The director chooses to dismantle the viewer’s idea of a straightforward gangster flick piece by piece. Extraordinarily, ideas of power that viewers acquired upon viewing Goodfellas and The Godfather (after all, three primary members of the cast are James Gandolfini, Ray Liotta, and Vincent Curatola, while Andrew Dominik has expressed his deep appreciation of the work of both Martin Scorsese and Francis Ford Coppola) are shattered when the viewer is exposed to the tragic figure of Mickey – broken-hearted and washed-up, and the devastating and brutalizing beating of the trembling Markie Trattman (Ray Liotta). In this film, everybody is alone – the tragedy comes from the fact that they all seem to know it a bit too well.
Much of the story is focused on Frankie — the lowlife thief who stages the poker game stick em’ up. Frankie comes close to being warmed to by the audience, but never quite manages. His struggle is swallowed by the general helplessness of the film. His partner, Russell, is subject to the same fate – though he leans closer to resignation than foolish hope. Jackie Cogan (Brad Pitt) seems to be less consumed by hopelessness than the others, and because of this, appears to be the superior character – one might think back to the bar scene with Mickey. The mysterious lawyer whom Jackie confides in, has distanced himself and seems to be detached from the world portrayed in the film – you can sort of imagine him with his wife and kids, putting his feet up by the fire after work.
And then, Dominik’s dialogue enthrals the viewer – the conversation is perhaps what structures the atmosphere stirred up by the direction, the characters and the setting. The script is the encapsulation of a comedic grief – take, for example, the exchange that takes place pre-robbery, in the car, between Frankie and Russell. Ben Mendelsohn likes to talk about screwing dogs – and he lets Frankie (and the audience) in on a disturbing confession. Also, Jackie describes his philosophy on killing people from close range, “they cry, the plead, they beg, they piss themselves, they cry for their mothers. It gets embarrassing, I like to kill em’ softly. From a distance”.
The political side of the film worms its way into the viewer’s head, infused throughout – and focusing very much on period politics (and the 2008 Obama/McCain Campaign) through television and radio coverage playing behind bars, in cars and resonating from behind the picture. The question from the start seems to be “What do America’s leaders really know?” as people kill each other on the street for money while Obama talks about the nation’s unity. The film’s political critique of American society is one of capitalism and America as a “business” – Dominik states that he plays with the gangster genre because it is the only genre in cinema which makes being solely motivated by money acceptable.
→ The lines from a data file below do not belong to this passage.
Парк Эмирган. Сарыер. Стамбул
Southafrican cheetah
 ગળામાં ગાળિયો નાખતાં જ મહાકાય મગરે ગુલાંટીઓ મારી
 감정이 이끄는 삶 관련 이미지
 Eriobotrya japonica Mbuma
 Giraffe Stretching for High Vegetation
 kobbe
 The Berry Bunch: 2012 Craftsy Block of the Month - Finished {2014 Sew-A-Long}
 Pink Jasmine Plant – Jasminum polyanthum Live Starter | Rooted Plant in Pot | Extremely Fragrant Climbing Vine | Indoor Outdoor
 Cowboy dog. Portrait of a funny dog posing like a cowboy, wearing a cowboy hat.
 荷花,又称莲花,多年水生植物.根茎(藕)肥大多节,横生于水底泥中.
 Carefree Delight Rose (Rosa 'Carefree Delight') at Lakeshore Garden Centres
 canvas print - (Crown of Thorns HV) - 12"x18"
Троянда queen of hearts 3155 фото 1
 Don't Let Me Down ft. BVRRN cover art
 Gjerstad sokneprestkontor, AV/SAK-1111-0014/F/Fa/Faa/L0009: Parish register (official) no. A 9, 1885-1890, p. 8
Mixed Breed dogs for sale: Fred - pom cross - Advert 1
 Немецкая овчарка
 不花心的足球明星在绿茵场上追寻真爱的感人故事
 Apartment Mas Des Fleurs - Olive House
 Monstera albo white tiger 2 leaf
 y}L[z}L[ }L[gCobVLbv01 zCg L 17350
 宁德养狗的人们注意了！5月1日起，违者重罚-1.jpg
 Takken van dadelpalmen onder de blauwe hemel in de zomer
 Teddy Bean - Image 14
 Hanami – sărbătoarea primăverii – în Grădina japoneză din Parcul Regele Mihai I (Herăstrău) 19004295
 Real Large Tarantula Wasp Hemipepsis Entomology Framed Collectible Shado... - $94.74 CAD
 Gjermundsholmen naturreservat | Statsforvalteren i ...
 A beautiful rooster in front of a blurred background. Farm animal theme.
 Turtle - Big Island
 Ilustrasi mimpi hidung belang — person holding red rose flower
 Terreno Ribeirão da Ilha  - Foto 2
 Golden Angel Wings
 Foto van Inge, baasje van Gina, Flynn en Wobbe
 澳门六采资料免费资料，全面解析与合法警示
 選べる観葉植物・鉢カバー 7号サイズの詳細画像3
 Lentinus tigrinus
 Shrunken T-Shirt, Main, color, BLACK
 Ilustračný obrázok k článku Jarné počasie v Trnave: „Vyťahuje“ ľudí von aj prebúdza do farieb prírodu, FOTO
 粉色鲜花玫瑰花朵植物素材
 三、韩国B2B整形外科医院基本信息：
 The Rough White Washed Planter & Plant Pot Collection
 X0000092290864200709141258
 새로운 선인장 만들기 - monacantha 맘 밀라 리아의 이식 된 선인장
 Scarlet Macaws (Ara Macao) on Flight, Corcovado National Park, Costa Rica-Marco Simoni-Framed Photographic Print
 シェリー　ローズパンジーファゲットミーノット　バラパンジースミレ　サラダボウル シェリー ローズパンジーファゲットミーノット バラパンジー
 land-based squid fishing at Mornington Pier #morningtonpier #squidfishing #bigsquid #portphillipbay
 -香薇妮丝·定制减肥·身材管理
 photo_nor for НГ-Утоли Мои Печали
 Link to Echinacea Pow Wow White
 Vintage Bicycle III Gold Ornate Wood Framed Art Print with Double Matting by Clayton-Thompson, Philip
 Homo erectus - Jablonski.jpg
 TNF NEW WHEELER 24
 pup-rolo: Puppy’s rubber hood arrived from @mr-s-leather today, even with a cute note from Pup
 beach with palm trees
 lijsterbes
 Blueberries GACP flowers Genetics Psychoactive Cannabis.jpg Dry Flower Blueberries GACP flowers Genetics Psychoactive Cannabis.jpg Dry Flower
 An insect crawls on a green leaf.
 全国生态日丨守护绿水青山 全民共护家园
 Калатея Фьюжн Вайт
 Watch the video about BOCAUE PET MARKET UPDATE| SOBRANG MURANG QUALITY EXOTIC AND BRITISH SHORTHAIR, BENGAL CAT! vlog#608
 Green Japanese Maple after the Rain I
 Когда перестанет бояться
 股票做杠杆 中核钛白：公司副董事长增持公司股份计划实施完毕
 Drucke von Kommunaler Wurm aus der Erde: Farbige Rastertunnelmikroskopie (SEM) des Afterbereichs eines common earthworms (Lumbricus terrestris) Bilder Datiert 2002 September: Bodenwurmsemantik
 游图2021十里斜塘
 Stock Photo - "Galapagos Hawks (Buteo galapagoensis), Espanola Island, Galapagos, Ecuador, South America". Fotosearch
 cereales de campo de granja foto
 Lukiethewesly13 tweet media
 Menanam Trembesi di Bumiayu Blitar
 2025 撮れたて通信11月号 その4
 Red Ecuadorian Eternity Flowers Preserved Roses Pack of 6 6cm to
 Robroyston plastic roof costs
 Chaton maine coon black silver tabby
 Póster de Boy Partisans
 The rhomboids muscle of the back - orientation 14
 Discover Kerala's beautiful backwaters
On one level, Killing Them Softly is reminiscent of so many other gangster/crime films that preceded it. The plot itself is remarkably simple. What saves it from mediocrity is the fact that this simplicity allows the director all the space he needs to fiddle with it, play with character development, substantiate the dialogue, touch it up stylistically and turn it into the edgy, art-house feature it presents itself as.